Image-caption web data
* * * * *
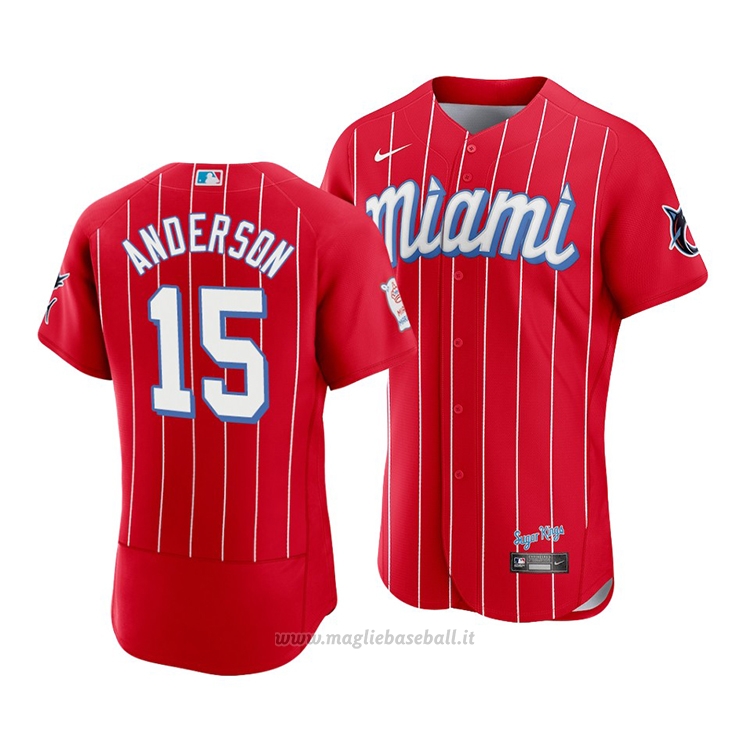 Maglia Baseball Uomo Miami Marlins Brian Anderson 2021 City Connect Autentico Rosso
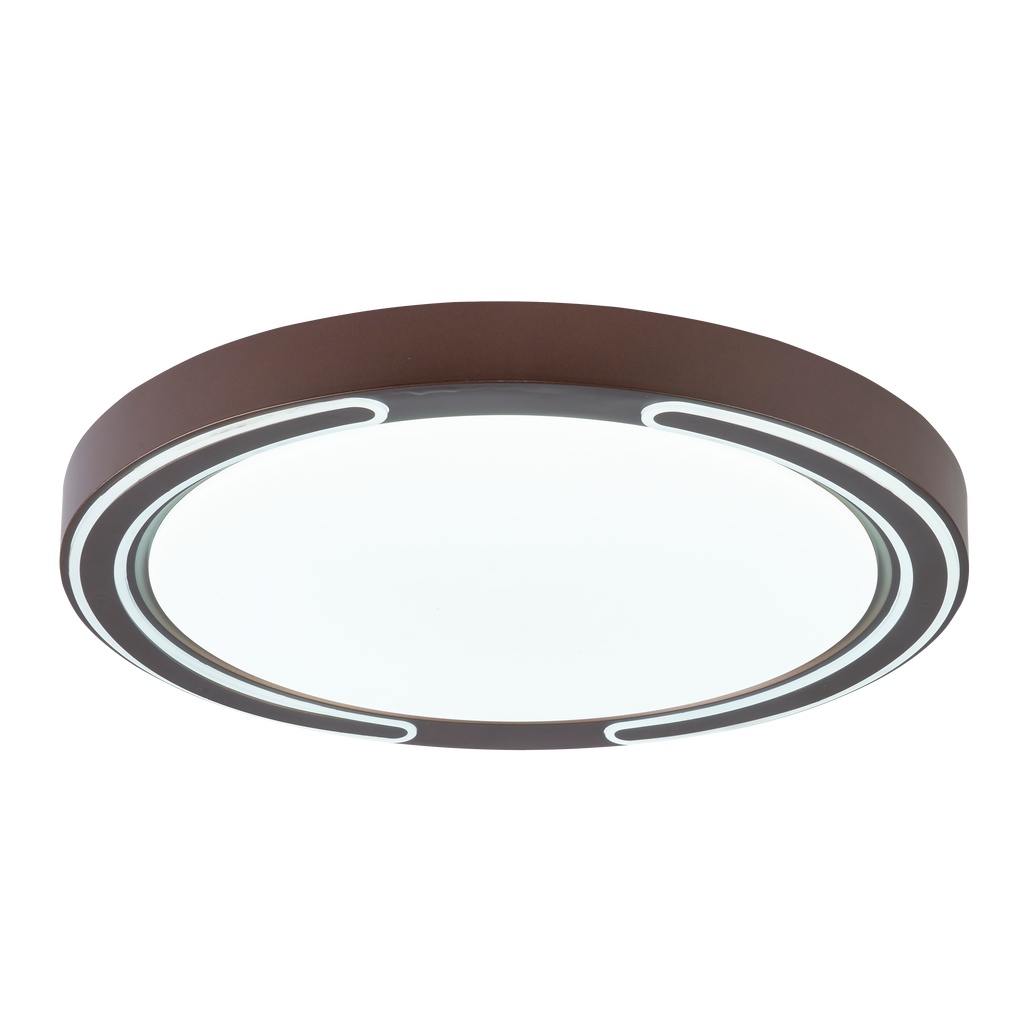 Plafón Asher Marrón 72W LED, vista frontal, Fabrilamp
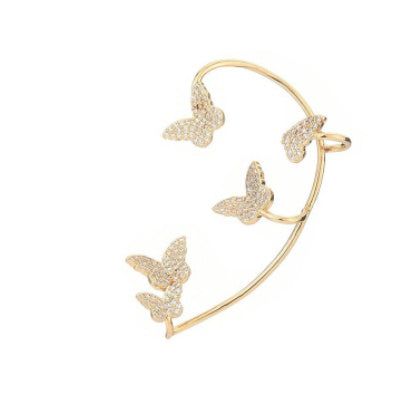 Fashion Zircon Gold Metal Butterfly Ear Clips Without Piercing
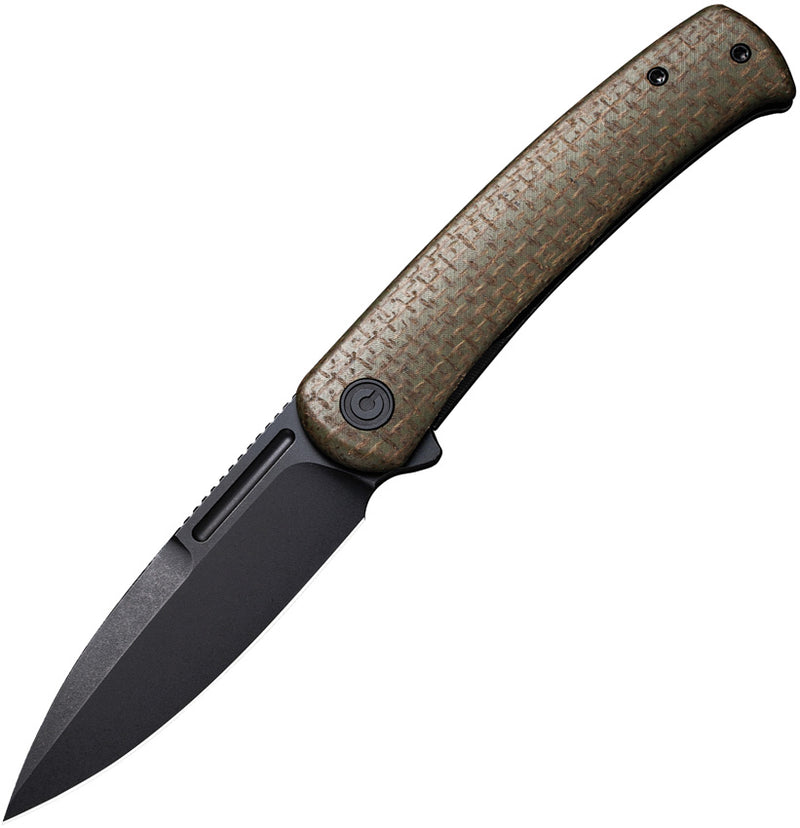 Civivi Cetos Green / Black Micarta Coarse presentation side; Stainless Steel lock side (3.48" Black Stonewashed 14C28N) Folding Knife [C21025B-3] - product view 1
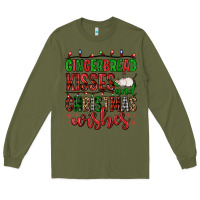Army Green gingerbread kisses and christmas wishes Long Sleeve Tee - FaDigitalArtStudio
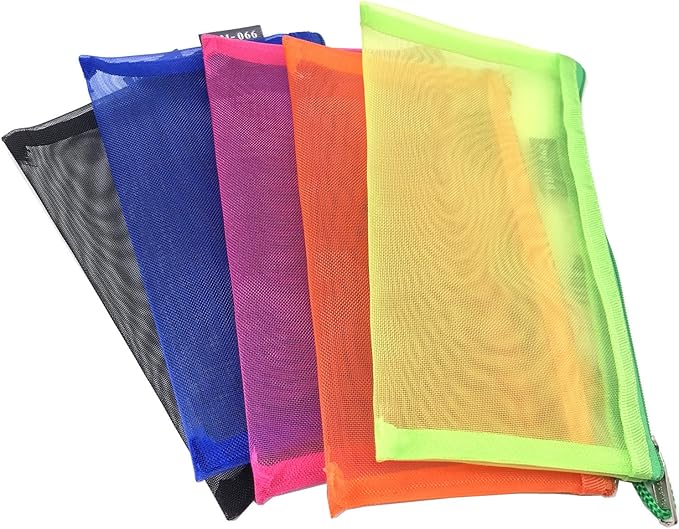 Pack of 5 pcs Multipurpose Nylon Mesh Cosmetic Bag Makeup Travel Cases Pencil Case Travel Organizers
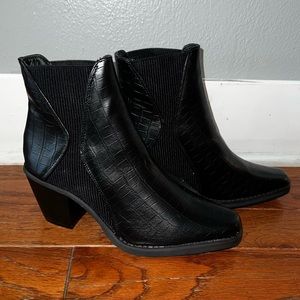 Black Croc Embossed Booties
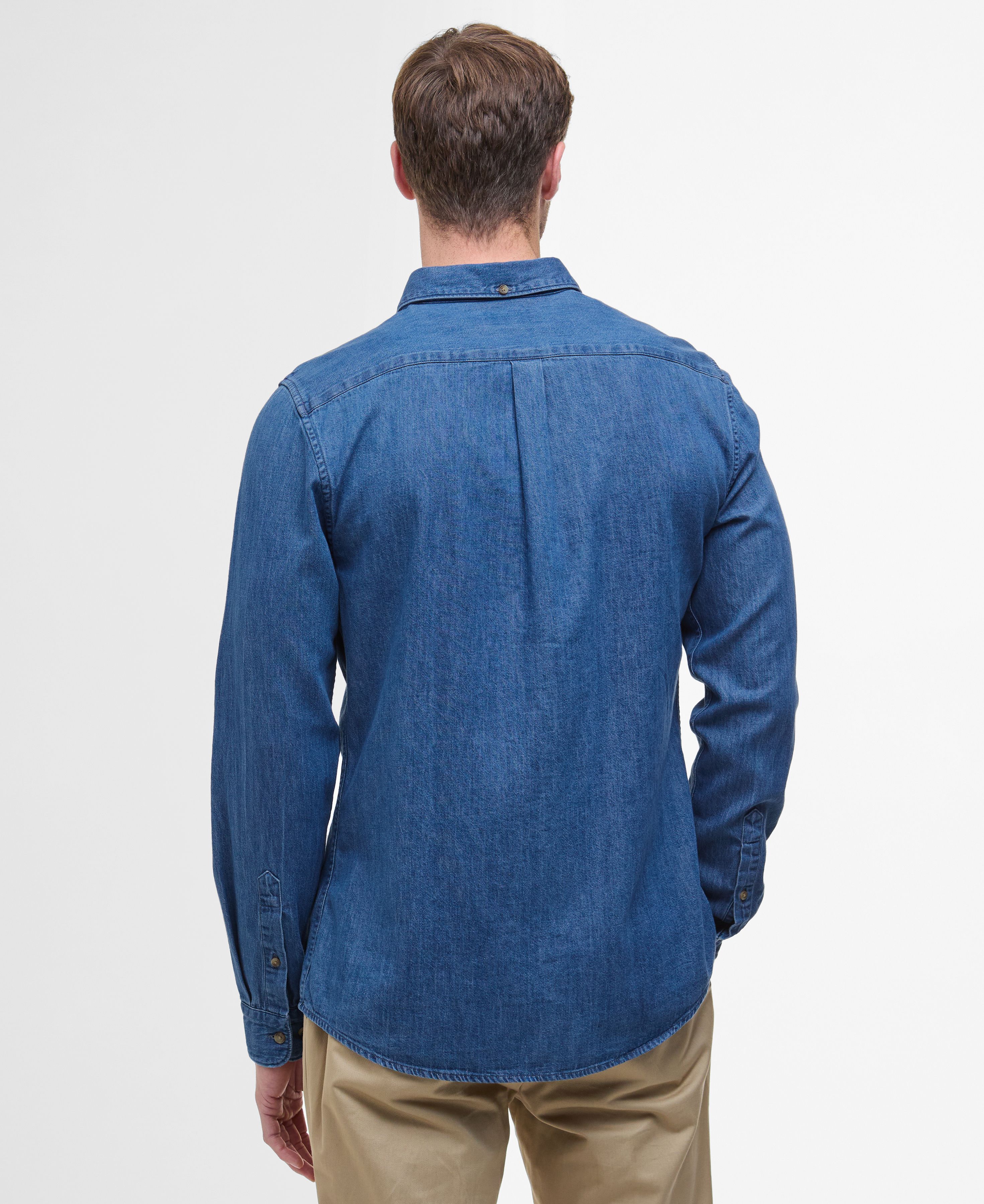 Denim Crest Tailored Long-Sleeved Shirt - Chambray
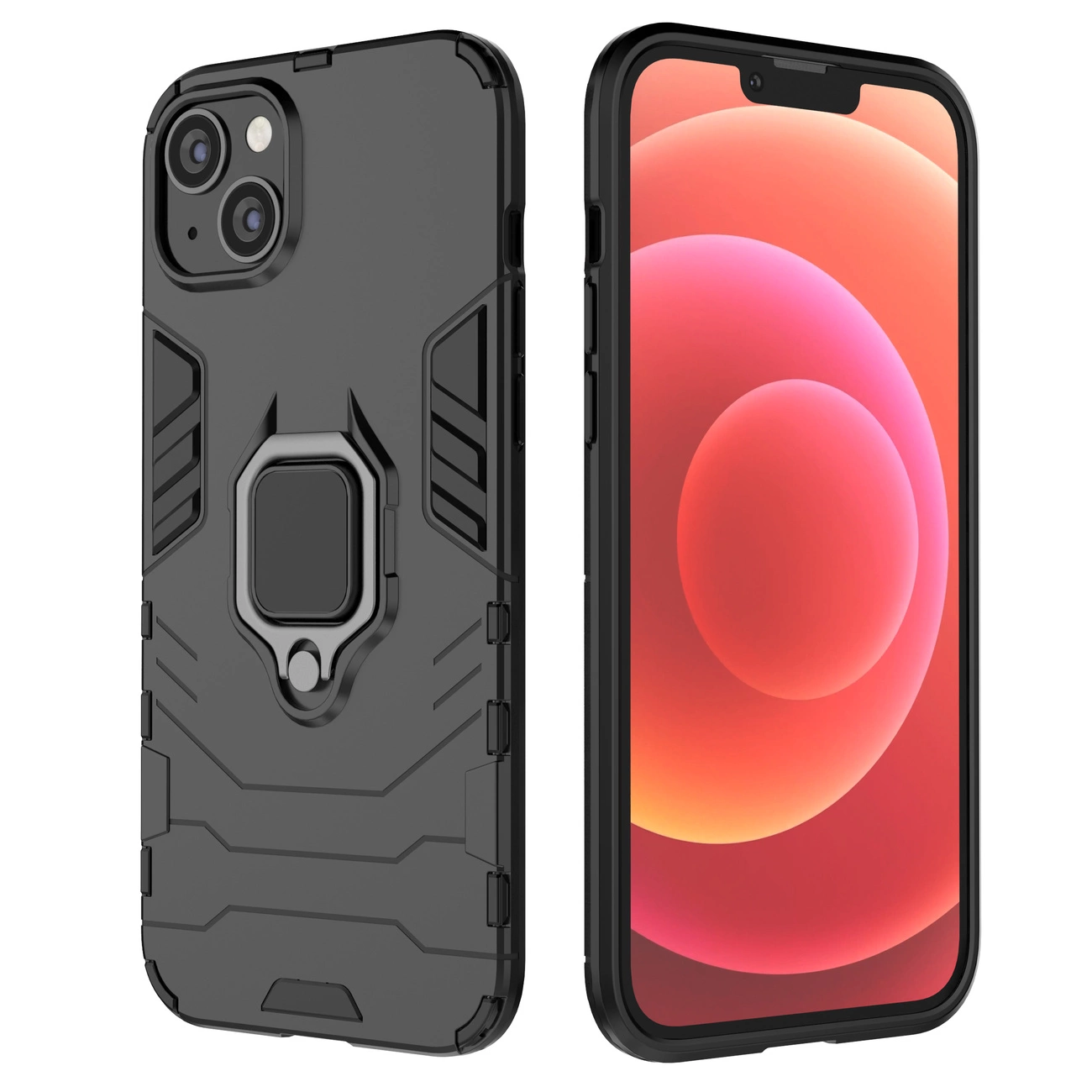 Ring Armor dėklas iPhone 14 Pro, šarvuotas, su magnetiniu laikikliu ir juodu žiedu - Image 19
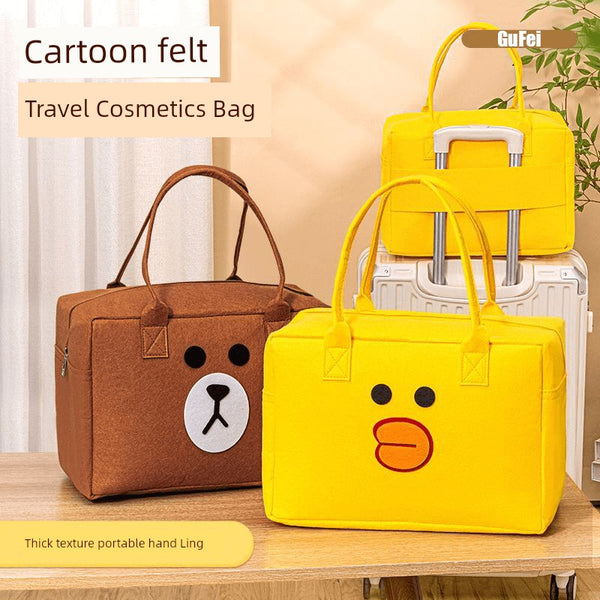 Cartoon Bag Travel Bag Storage Hand Bag Large Capacity Kids Luggage Bag Trolley Case Luggage Bag Felt Bag Lightweight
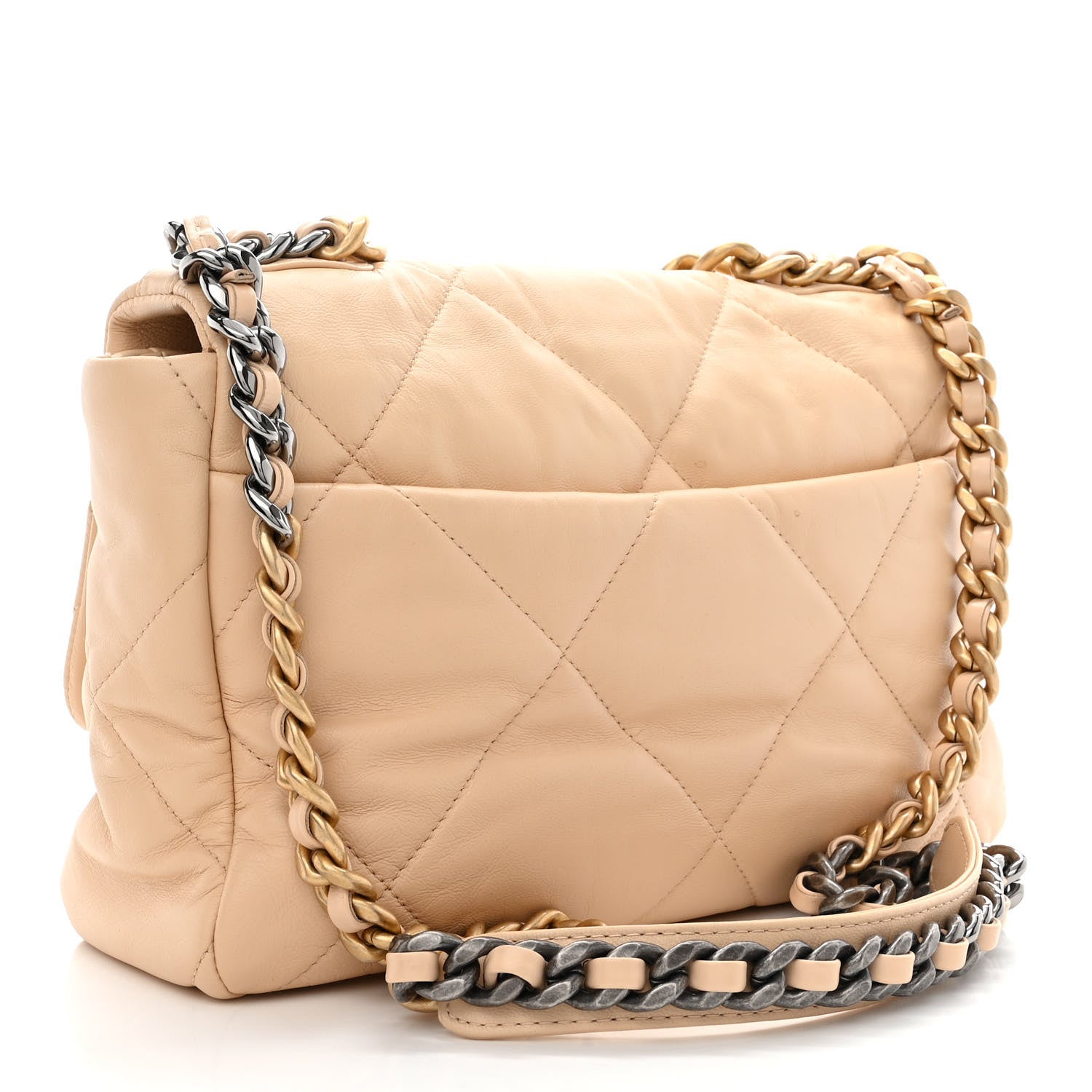 Chanel Goatskin Quilted Large Chanel 19 Flap Beige 3 of 11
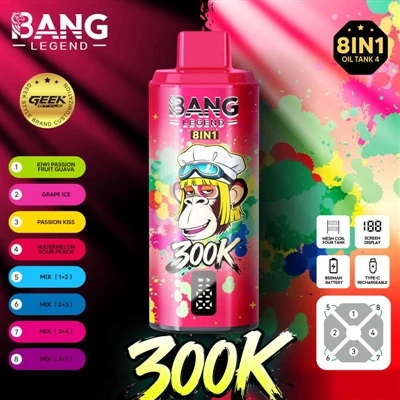 Bang Legend 300000: iegūstiet jaunu e-cigarešu pieredzi, izbaudiet 300 000 tī...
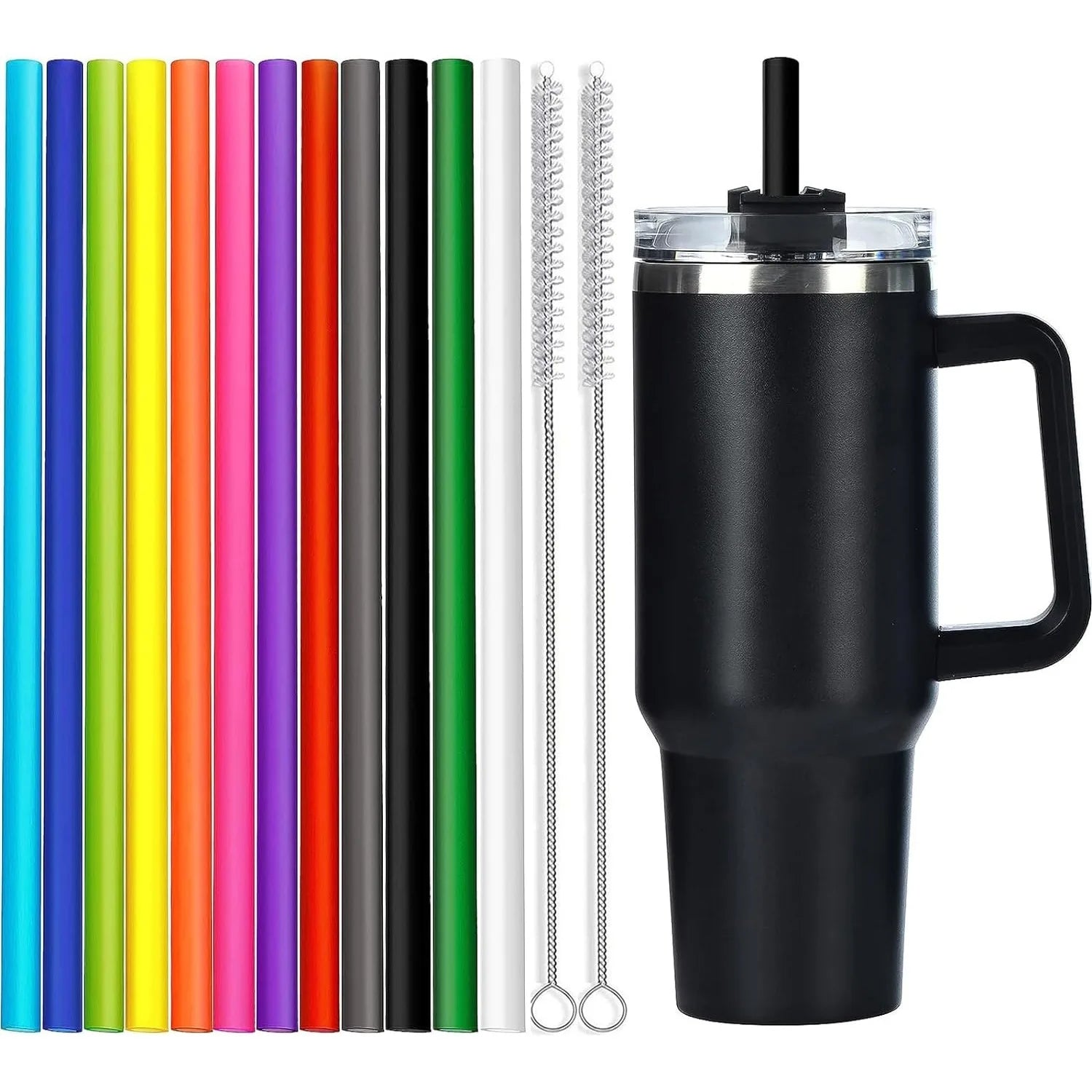 Set of 12 Long Color Replacement Straws for 40 Oz and 30 Oz Tumblers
* * * * *
* [What you are asked to do]: Begin with the line containing "Fashion Zircon Gold" and end with the last line of the entries above. Copy those lines exactly, both ends included, and drop every picture.

* [Your solution]:
 Fashion Zircon Gold Metal Butterfly Ear Clips Without Piercing
 Civivi Cetos Green / Black Micarta Coarse presentation side; Stainless Steel lock side (3.48" Black Stonewashed 14C28N) Folding Knife [C21025B-3] - product view 1
Army Green gingerbread kisses and christmas wishes Long Sleeve Tee - FaDigitalArtStudio
 Pack of 5 pcs Multipurpose Nylon Mesh Cosmetic Bag Makeup Travel Cases Pencil Case Travel Organizers
 Black Croc Embossed Booties
 Denim Crest Tailored Long-Sleeved Shirt - Chambray
 Ring Armor dėklas iPhone 14 Pro, šarvuotas, su magnetiniu laikikliu ir juodu žiedu - Image 19
 Cartoon Bag Travel Bag Storage Hand Bag Large Capacity Kids Luggage Bag Trolley Case Luggage Bag Felt Bag Lightweight
 Chanel Goatskin Quilted Large Chanel 19 Flap Beige 3 of 11
 Bang Legend 300000: iegūstiet jaunu e-cigarešu pieredzi, izbaudiet 300 000 tī...
 Set of 12 Long Color Replacement Straws for 40 Oz and 30 Oz Tumblers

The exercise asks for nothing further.